Total nonperforming loans, which includes non-accrual loans and loans past due 90 days or more and still accruing interest, increased $111,000 from $599,000 or 0.04% of total loans at June 30, 2022, to $710,000 or 0.05% of total loans at June 30, 2023. Nonperforming assets to total assets was 0.04% at June 30, 2023, compared to 0.03% at June 30, 2022.

Merger Agreement With Cincinnati Bancorp, Inc.
LCNB and Cincinnati Bancorp, Inc. (“CNNB”), the holding company for Cincinnati Federal, a federally chartered stock
savings and loan association, signed a definitive merger agreement on May 18, 2023 whereby LCNB will acquire CNNB in a stock-and-cash transaction. CNNB operates five full-service branch offices in Cincinnati, Ohio and Northern Kentucky. When completed, the transaction will significantly increase LCNB’s existing presence in the Cincinnati market and expand LCNB’s community banking franchise across the Ohio River into the Northern Kentucky market.

Subject to the terms of the merger agreement, which has been approved by the Board of Directors of each company, CNNB shareholders will have the opportunity to elect to receive either 0.9274 shares of LCNB stock or $17.21 per share in cash for each share of CNNB common stock owned, subject to 80% of all CNNB shares being exchanged for LCNB common stock. Subject to regulatory approval, CNNB shareholder approval, and other customary conditions set forth in the definitive merger agreement, the transaction is anticipated to close in the fourth quarter of 2023.

About LCNB Corp.
LCNB Corp. is a financial holding company headquartered in Lebanon, Ohio. Through its subsidiary, LCNB National Bank (the “Bank”), it serves customers and communities in Southwest and South-Central Ohio. A financial institution with a long tradition for building strong relationships with customers and communities, the Bank offers convenient banking locations in Butler, Clermont, Clinton, Fayette, Franklin, Hamilton, Montgomery, Preble, Ross, and Warren Counties, Ohio. The Bank continually strives to exceed customer expectations and provides an array of services for all personal and business banking needs including checking, savings, online banking, personal lending, business lending, agricultural lending, business support, deposit and treasury, investment services, trust and IRAs and stock purchases. LCNB Corp. common shares are traded on the NASDAQ Capital Market Exchange® under the symbol “LCNB.” Learn more about LCNB Corp. at www.lcnb.com.
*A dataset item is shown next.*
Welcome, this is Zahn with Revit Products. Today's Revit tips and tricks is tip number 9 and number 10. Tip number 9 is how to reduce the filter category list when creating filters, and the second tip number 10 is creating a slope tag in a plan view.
Forward-Looking Statements
Certain statements made in this news release regarding LCNB’s financial condition, results of operations, plans, objectives, future performance and business, are “forward-looking statements” within the meaning of Section 27A of the Securities Act of 1933, as amended, Section 21E of the Securities Exchange Act of 1934, as amended, and the Private Securities Litigation Reform Act of 1995. These forward-looking statements are identified by the fact they are not historical facts and include words such as “anticipate”, “could”, “may”, “feel”, “expect”, “believe”, “plan”, and similar expressions. Please refer to LCNB’s Annual Report on Form 10-K for the year ended December 31, 2022, as well as its other filings with the SEC, for a more detailed discussion of risks, uncertainties and factors that could cause actual results to differ from those discussed in the forward-looking statements.
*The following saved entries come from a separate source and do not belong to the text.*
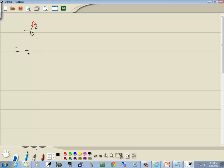So this negative that's out in front is going to carry down. 6 squared means 6 times 6. The negative carries down, and 6 times 6 is 36. So our answer is negative 36.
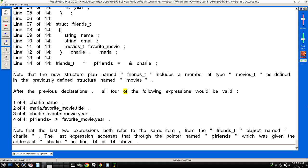After the previous declarations, all four of the following expressions would be valid: 1 of 4: charlie.name. 2 of 4: maria.favorite_movie.title. 3 of 4: charlie.favorite_movie.year. 4 of 4: pfriends->favorite_movie.year. Note that the last two expressions both refer to the same item from the "friends_t" object named "charlie". The last expression accesses that through the pointer named "pfriends", which was given the address of "charlie" in line 14 of 14 above.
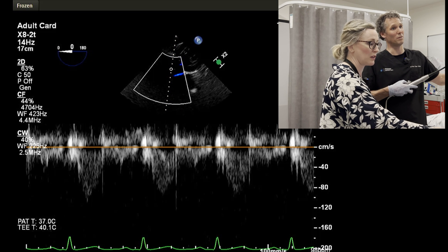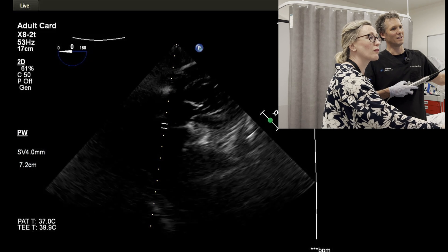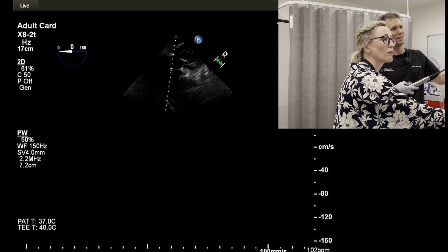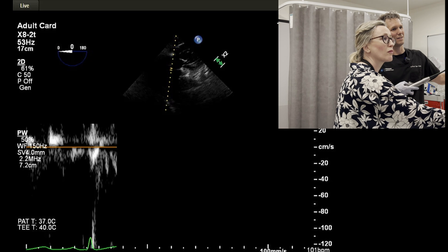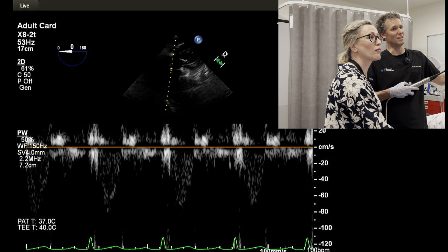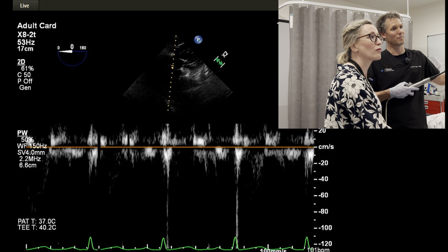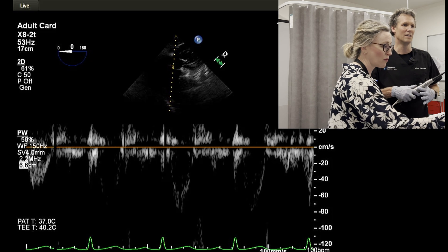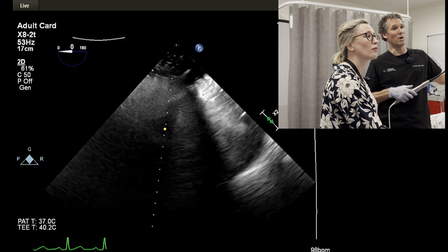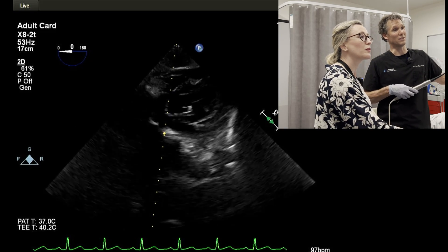If we then do pulse wave Doppler we can normally try and find — and that's maybe a way of starting to try and have a decent look at the deep gastric view.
These forward-looking statements reflect management's current expectations based on all information available to management and its knowledge of LCNB’s business and operations. Additionally, LCNB’s financial condition, results of operations, plans, objectives, future performance and business are subject to risks and uncertainties that may cause actual results to differ materially. These factors include, but are not limited to:
1.the success, impact, and timing of the implementation of LCNB’s business strategies;
2.the uncertainties for LCNB's business, results of operations and financial condition resulting from the recovery from the COVID-19 pandemic;
3.LCNB’s ability to integrate future acquisitions may be unsuccessful or may be more difficult, time-consuming, or costly than expected;
4.LCNB may incur increased loan charge-offs in the future and the allowance for credit losses may be inadequate;
5.LCNB may face competitive loss of customers;
6.changes in the interest rate environment, which may include further interest rate increases, may have results on LCNB’s operations materially different from those anticipated by LCNB’s market risk management functions;
7.changes in general economic conditions and increased competition could adversely affect LCNB’s operating results;



8.changes in regulations and government policies affecting bank holding companies and their subsidiaries, including changes in monetary policies, could negatively impact LCNB’s operating results;
9.LCNB may experience difficulties growing loan and deposit balances;
10.United States trade relations with foreign countries could negatively impact the financial condition of LCNB's customers, which could adversely affect LCNB 's operating results and financial condition;
11.difficulties with technology or data security breaches, including cyberattacks, could negatively affect LCNB's ability to conduct business and its relationships with customers, vendors, and others;
12.adverse weather events and natural disasters and global and/or national epidemics could negatively affect LCNB’s customers given its concentrated geographic scope, which could impact LCNB’s operating results; and
13.government intervention in the U.S. financial system, including the effects of legislative, tax, accounting and regulatory actions and reforms, including the Coronavirus Aid, Relief, and Economic Security ("CARES") Act, the Dodd-Frank Wall Street Reform and Consumer Protection Act, the Jumpstart Our Business Startups Act, the Consumer Financial Protection Bureau, the capital ratios of Basel III as adopted by the federal banking authorities, and the Tax Cuts and Jobs Act, and any such future regulatory actions or reforms.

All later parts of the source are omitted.